While we are seven graduate students and not currently professional developers, we have been operating like any small development house would. We have two programmers, four artists (concept artist, animator, character modeler, and environmental artist), and a producer/composer.
Every team member's voice is heard and has contributed to the overall design of the project starting with a month of pre-production followed by almost three months of production. We have functioned efficiently, using a loose version of Scrum to keep focus and hold each other accountable for individual tasks.
We knew we could be in trouble if we tried to incorporate too many gameplay modes instead of focusing our attention on one or two effective and engaging mechanics. Following the advice of faculty at the ETC, we placed ourselves in a combat design vacuum for a month, since this is such a critical mechanic in the game.
Through routine playtests with hundreds of tissue testers -- meaning we never used repeat testers -- we iterated to make sure the battles felt exciting, yet comfortable and intuitive.
Designing an action-adventure game around an entirely new user interface was a challenge.
We knew we had to differentiate our floor pad from DDR, so we designed the pad in an ergonomic way, with offensive attacks and defensive movements clearly delineated.
With this in mind, we brainstormed and paper-prototyped until the combination of the Wii remote, nunchuk, and floor pad were intrinsic and additive to the experience rather than unintuitive tacked-on gimmicks.
The abovementioned punch is an example of this. We combated the "wrist-flicking" tendencies of other Wii games by animating our hero to literally step forward into his punches.

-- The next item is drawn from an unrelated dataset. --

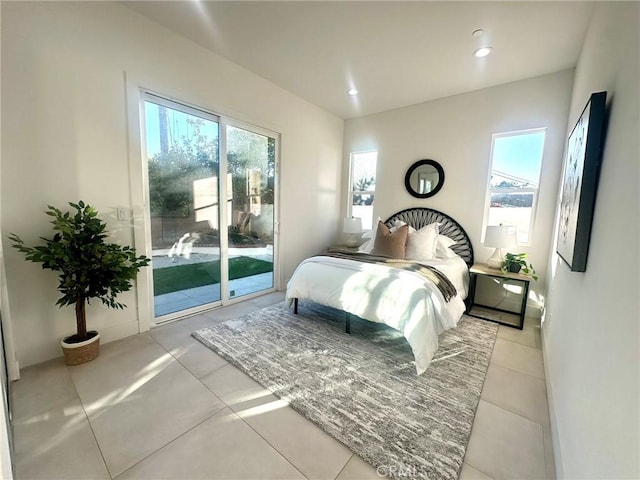 tiled bedroom featuring access to outside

By mapping the hero's digital limbs to the player's real ones, this allowed us to design a reason to avoid the dreaded wrist-flick; the child is stepping because the protagonist steps to throw an attack.
Different attacks can be initiated depending on where the child steps and which hand they swing (the nunchuk is also used to fight if the player desires, allowing true two-handed combat).
Another example of our plan to merge a traditional action-adventure with exergaming is using dodging during combat to increase cardiovascular activity.
The nature of Orbis' main character allows him to be very agile, so we thought this could be a great opportunity to open up combat beyond a stationary duel. When engaged in battle with an enemy, the child can move their feet to the left or right by hopping to the correct inputs.
This naturally causes their shoulders and body position to shift as their avatar mimics their dodge in real-time, avoiding any threatening attacks from an adversary.
This adds depth and strategy to the combat, as the player can circle-strafe behind an enemy to throw an attack, simulating an extremely active "stick-and-move" style of gameplay. No more pressing a shoulder button or choosing "Defend" from a menu while you absorb a blow... Now those little slimes from Dragon Warrior will have to deal with a mobile hero.